To date, cases of human-to-human transmission have only been reported in hospitals and in families where there is intimate contact with an infected person. If we notice a change in this pattern such that clusters of infections begin to appear in communities with more casual contact, that would be a strong sign that the virus is evolving to become a pandemic threat.
The MERS cases in new countries are disturbing but not surprising given how globally connected we are. International travel and foot traffic make it easier to spread a virus.
The first two cases reported in the United States, in Indiana and Florida, were health care workers returning from Saudi Arabia. Although a third case has been linked to contact with the Indiana case, I am cautiously optimistic that a cluster of cases will not be triggered.
Nonetheless, vigilance is essential. Saudi Arabia has more than 7 million foreign workers and hosts more than 3 million religious pilgrims annually. If new cases arise they will almost certainly be imported.
The key to an effective pandemic response is to acknowledge that infectious disease challenges are global rather than national. Information and biological samples must be shared freely to facilitate surveillance and the development of diagnostics, drugs and vaccines.

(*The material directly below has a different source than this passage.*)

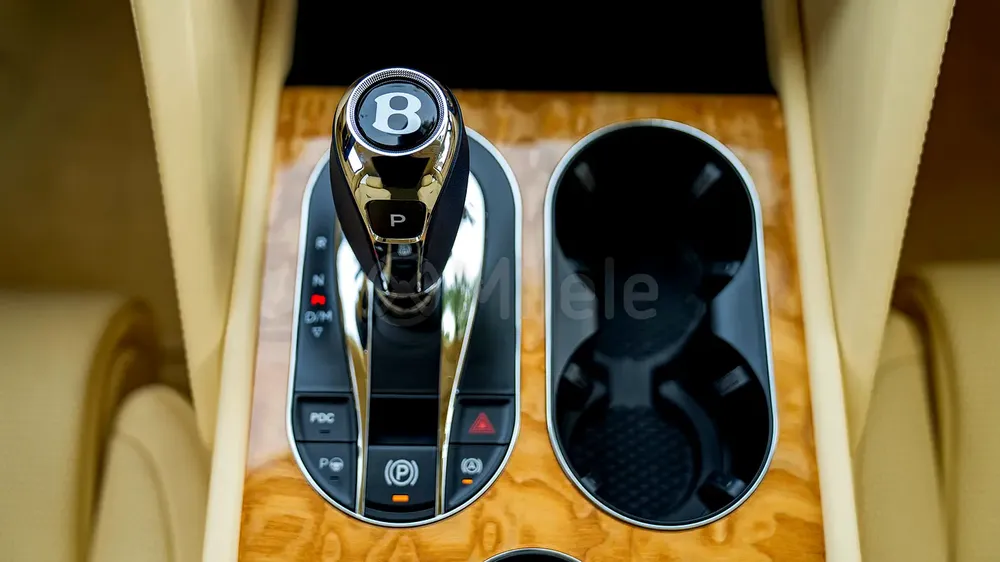 BENTLEY BENTAYGA | IN-HOUSE FINANCING AVAILABLE | DRIVE TODAY PAY LATER! - Image 16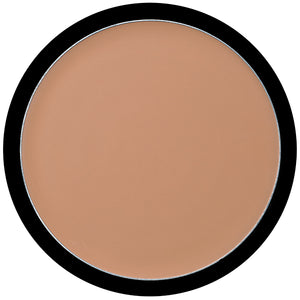 Full Coverage Cream Foundation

In this spirit, the government of Saudi Arabia has recently invited teams of international experts to join forces in addressing the global challenge of MERS. Although we are focusing on MERS now, the reality is that viruses and antibiotic resistant bacteria with pandemic potential are continuously emerging and re-emerging worldwide.
The recent MERS cases should not trigger an alarm. But if a pandemic happens, it is important we are prepared to combat it.